Every meal time is, quite frankly, a splatterfest. It comes with the territory of baby-led weaning. You join us as W arrives home. I am on my hands and knees, wiping away a mixture of drool and toast from the highchair. Perhaps I should call it 'doast'.*

W: Did he eat much?
Me: Pretty good - three pieces of cheese on toast and at least two more have been sucked to within an inch of their lives.
W: And a few more on the floor.
Me: There were more...
W: But...
Me: I ate them.

W smiles

Me: (defensively) It was clean and... they were only there a short time - I followed the five-second rule.**
W: Heh!
Me: Well, some get thrown down before he's touched them.
W: Fair enough.
Me: And I don't eat them if they've been sucked.
W: You might do one day.

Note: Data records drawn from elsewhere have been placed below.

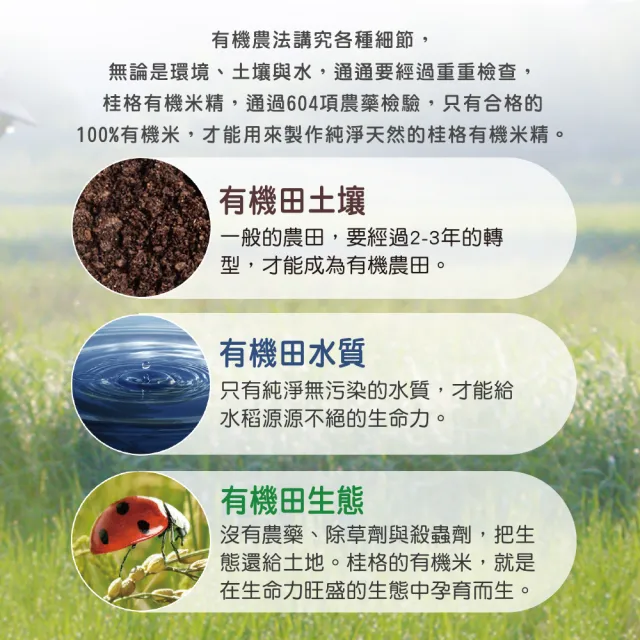 【QUAKER 桂格】有機米精300g*4罐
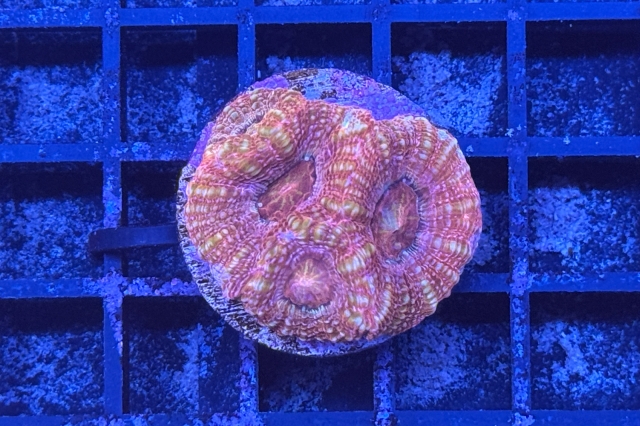 Acanthastrea bowerbanki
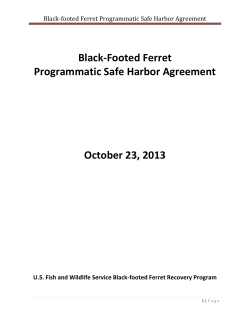 Black-Footed Ferret Programmatic Safe Harbor Agreement October 23, 2013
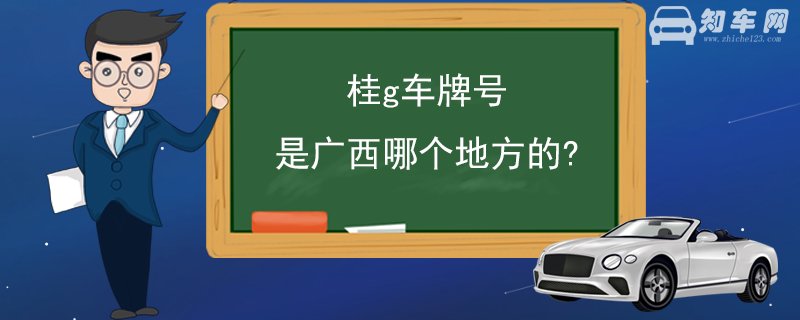 桂g车牌号是广西哪个地方的?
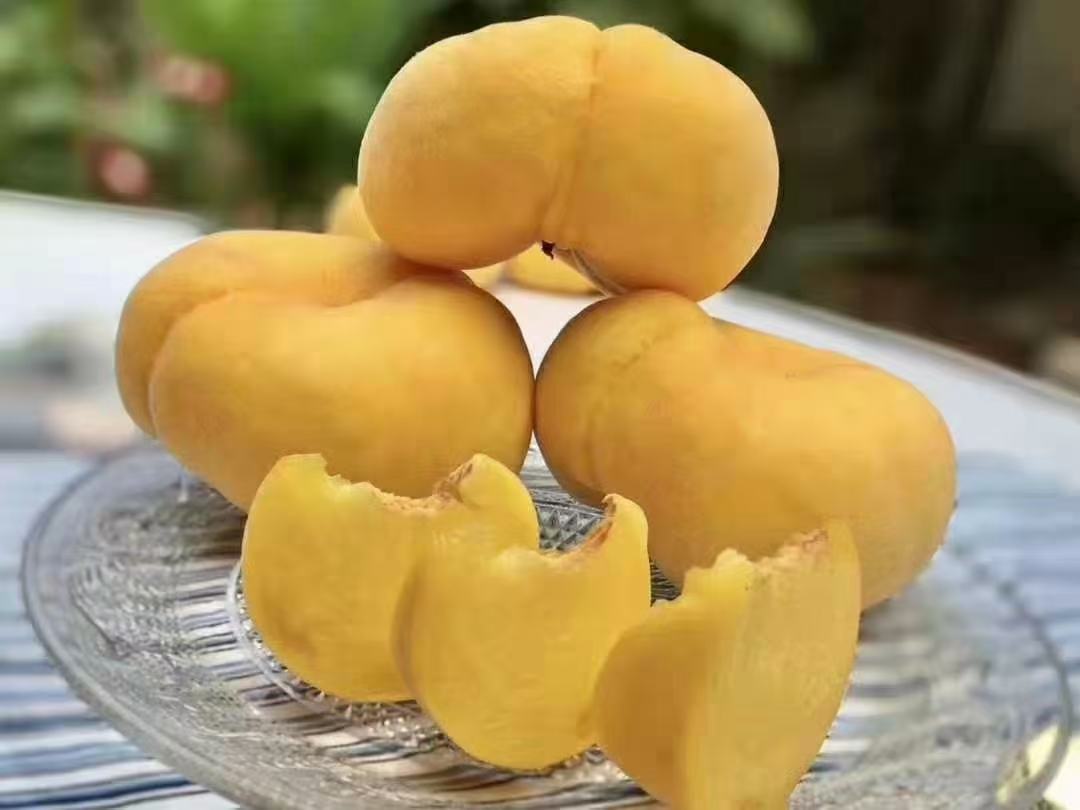 一个新鲜的烟薯被横向切开,露出金黄色至橙红色的细腻瓤心,表面湿润有光泽,隐约可见糖汁渗出,背景为木质砧板,周围散落几片绿叶状红薯茎叶 烟薯切开后的横截面特写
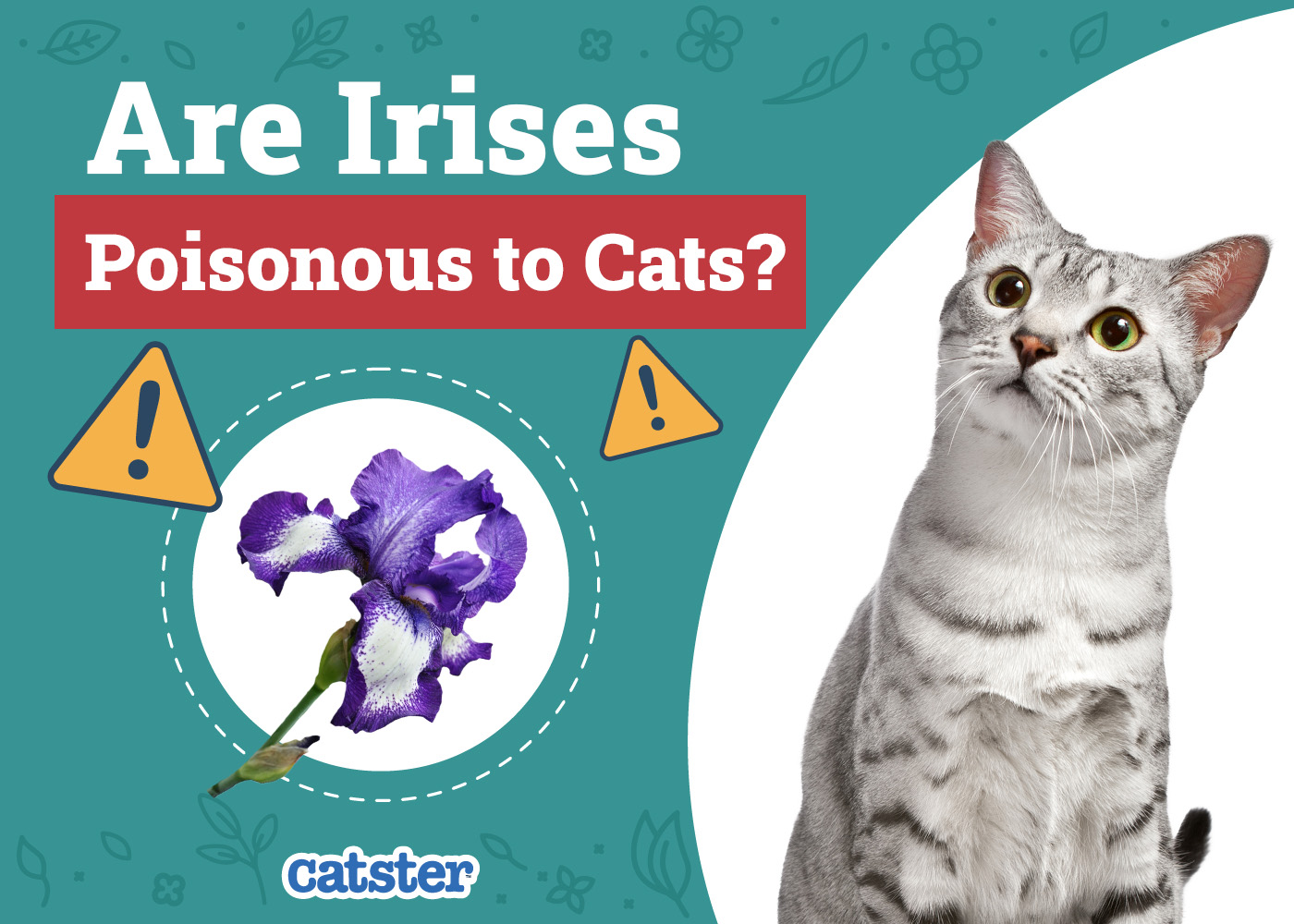Are Irises Poisonous to Cats? Vet Approved Facts & Safety Tips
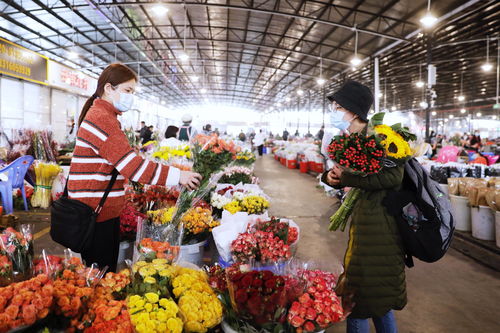 深圳哪个花卉市场最大(深圳最好的花卉市场) 20240707更新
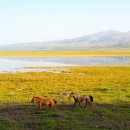 초원여관 이미지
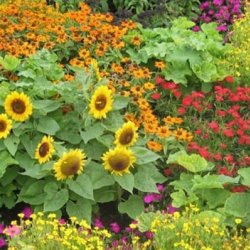 Community Gardens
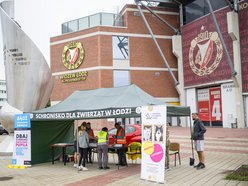 Widzew Łódź dla zwierzaków ze schroniska! Przyjdź na bezpłatne chipowanie i specjalny mecz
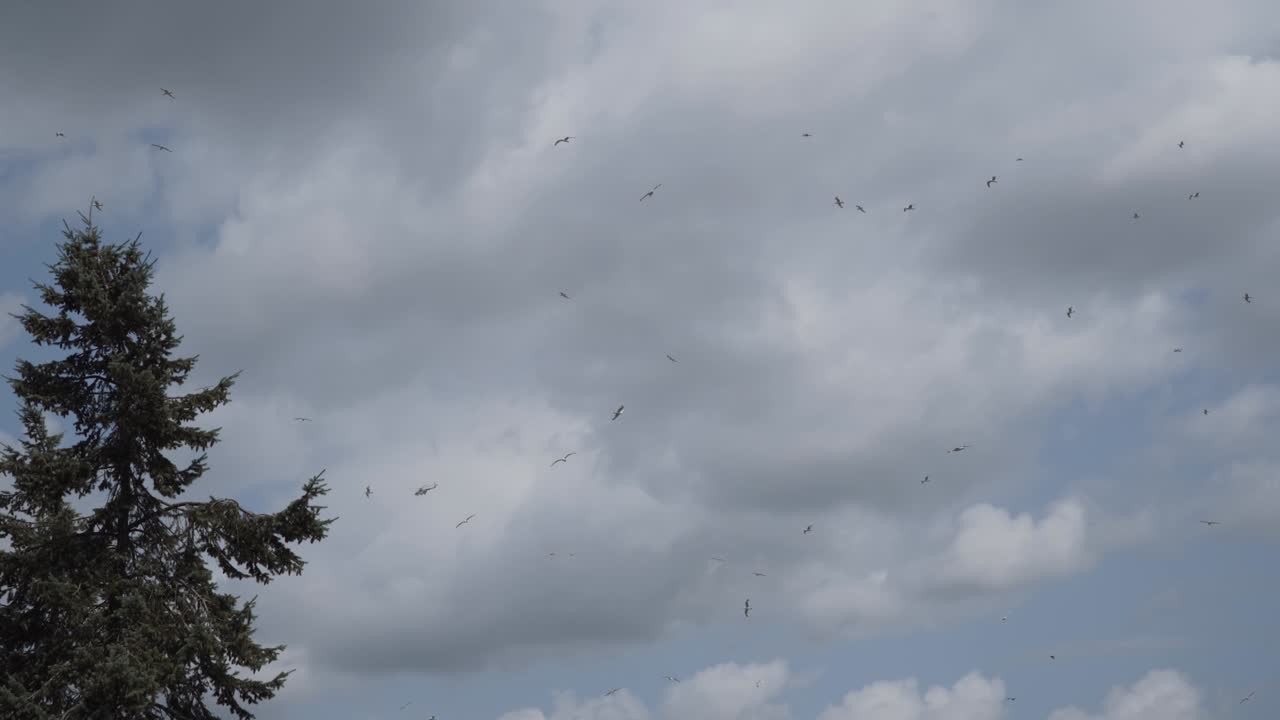 개구리 무리가 날아다니며 화나무 근처의 큰  구름을 향해 순환합니다.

Friends tell me it's a true sign of parenthood.
Me: Oh, how our standards change.
W: You'll be eating the sucked bits in no time.
Me: And then I suppose I'll only be ruling out the regurgitated bits.
W: Even then...
Me: No! No way.

You have to draw a line somewhere. 

Notes  
*Perhaps I shouldn't.
** For more on this 'rule' see the New York Times, Wikipedia and Mythbusters. Granny and Nanny should not read these links; here are some fluffy kittens instead.